WORK REQUIRED -> Take the line that contains "A row of glasses" and each one after it through the last line below, and retype them exactly. Leave out the pictures.

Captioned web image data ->
□ □ □ □ □ □ □

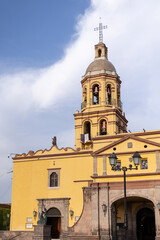 Obraz premium Cúpula del Santuario y Convento de la Santa Cruz de los Milagros, Queretaro, México, Religión Católica, cruz cristiana en la punta de campanario con arcos, amarillo colonial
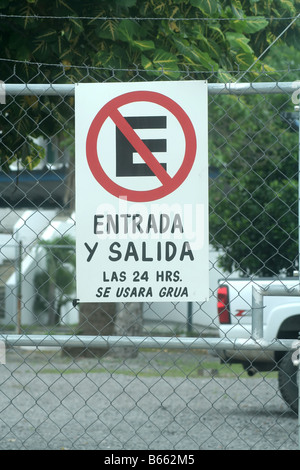 A no parking sign in spanish on a fence in Mexico Stock Photo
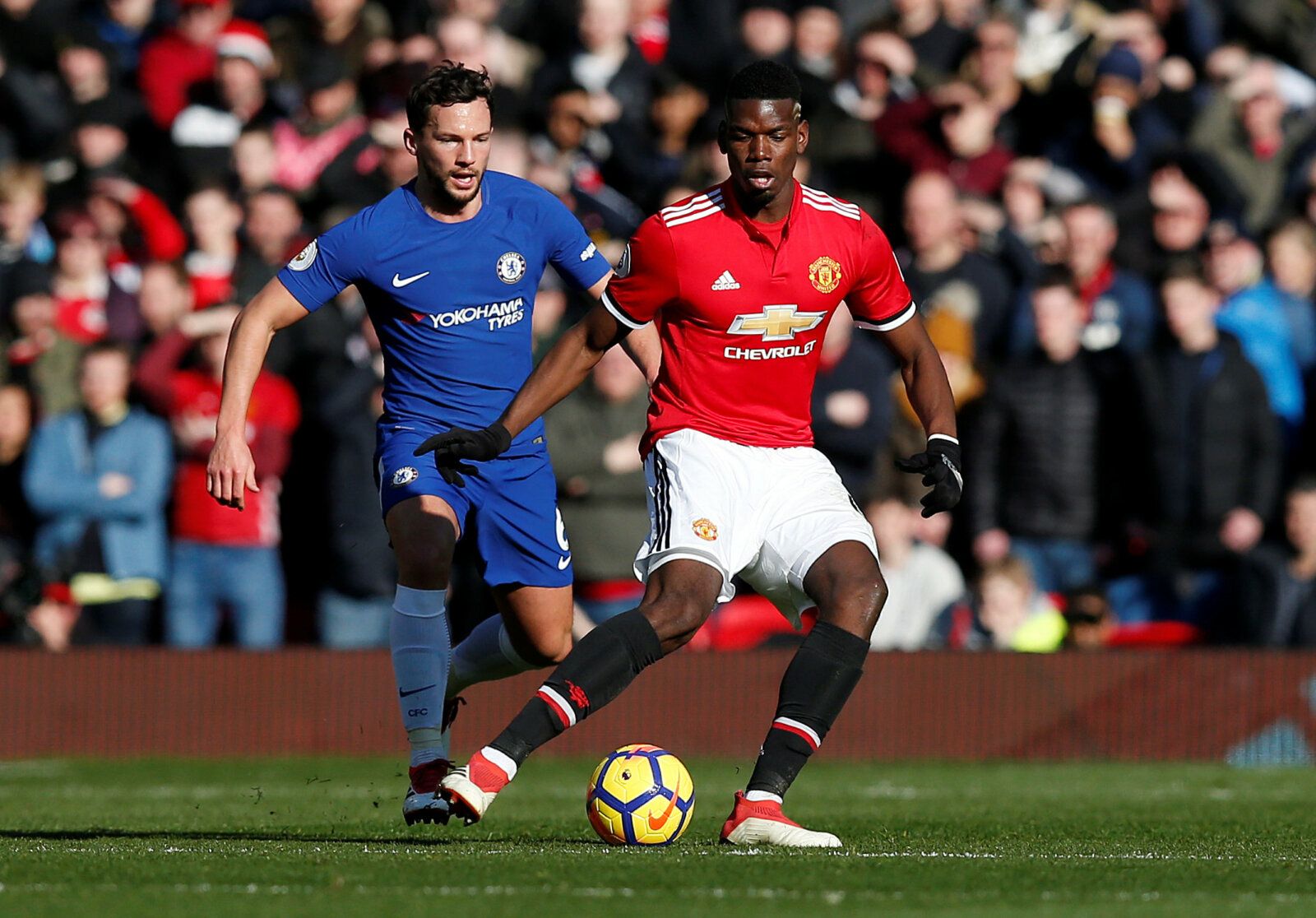 Soccer Football - Premier League - Manchester United vs Chelsea - Old Trafford, Manchester, Britain - February 25, 2018   Manchester United's Paul Pogba in action with Chelsea’s Danny Drinkwater    REUTERS/Andrew Yates    EDITORIAL USE ONLY. No use with unauthorized audio, video, data, fixture lists, club/league logos or 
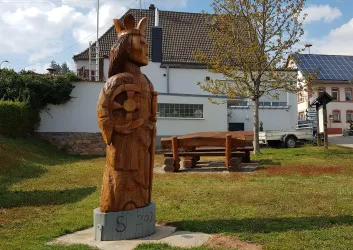 Zentrale Grünanlage mit Skulptur und Sitzgruppe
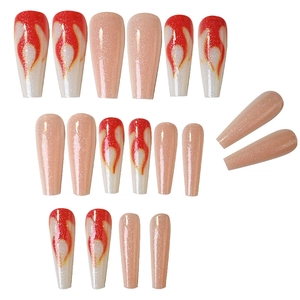 Detailed view of long pink glitter press-on nails and white nails with orange flame designs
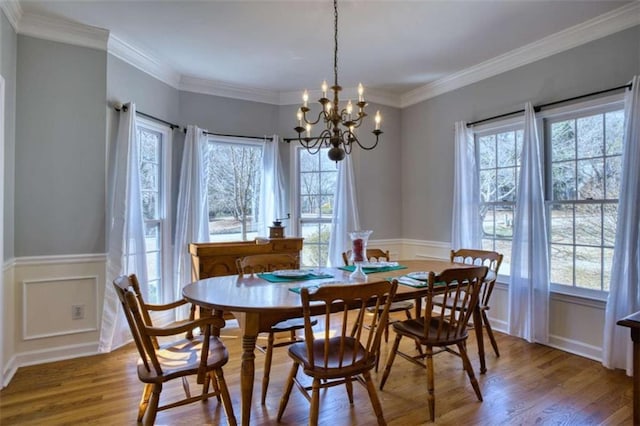 9600 Poplar Ct, Douglasville, GA 30135 - dining area featuring wood finished floors, a chandelier, a decorative wall, a wainscoted wall, and ornamental molding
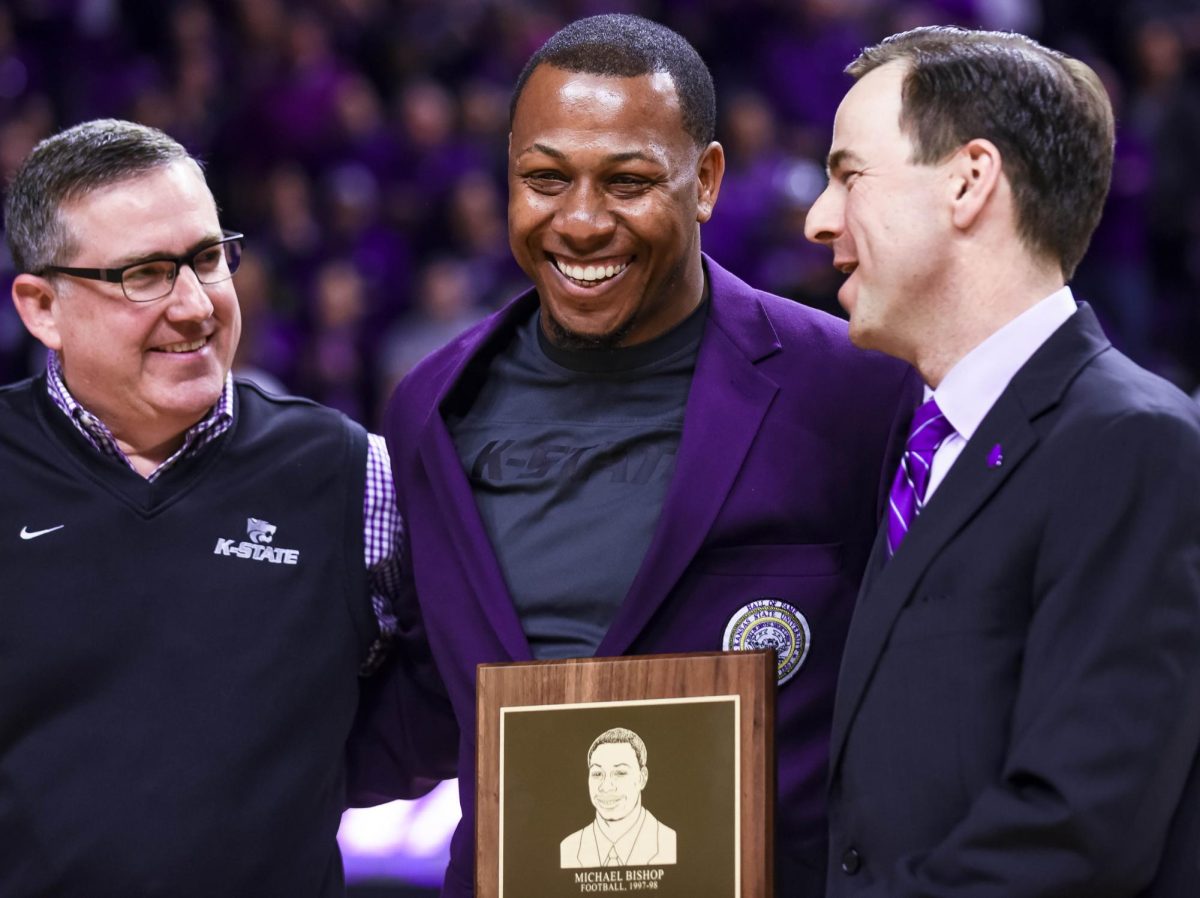 Michael Bishop, K-State quarterback from 1997-98 — during which he led the Wildcats to their first No. 1 ranking and first Big 12 North Title and almost to the national championship and was a runner-up for the Heisman Trophy — smiles as he is honored for being inducted into the K-State Athletics Hall of Fame by K-State President Kirk Schulz (left) and Athletic Director John Currie (right) at halftime of the men's basketball game against Ole Miss on Jan. 30, 2016, in Bramalge Coliseum.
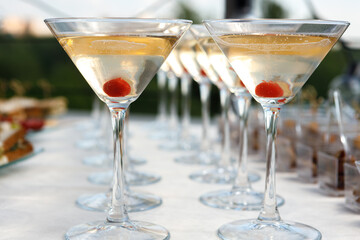 A row of glasses with champagne and cherries inside the glass are on the table.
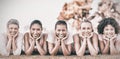 Smiling women lying in row for breast cancer awarness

□ □ □ □ □ □ □

TASK RESPONSE ->
 A row of glasses with champagne and cherries inside the glass are on the table.
 Smiling women lying in row for breast cancer awarness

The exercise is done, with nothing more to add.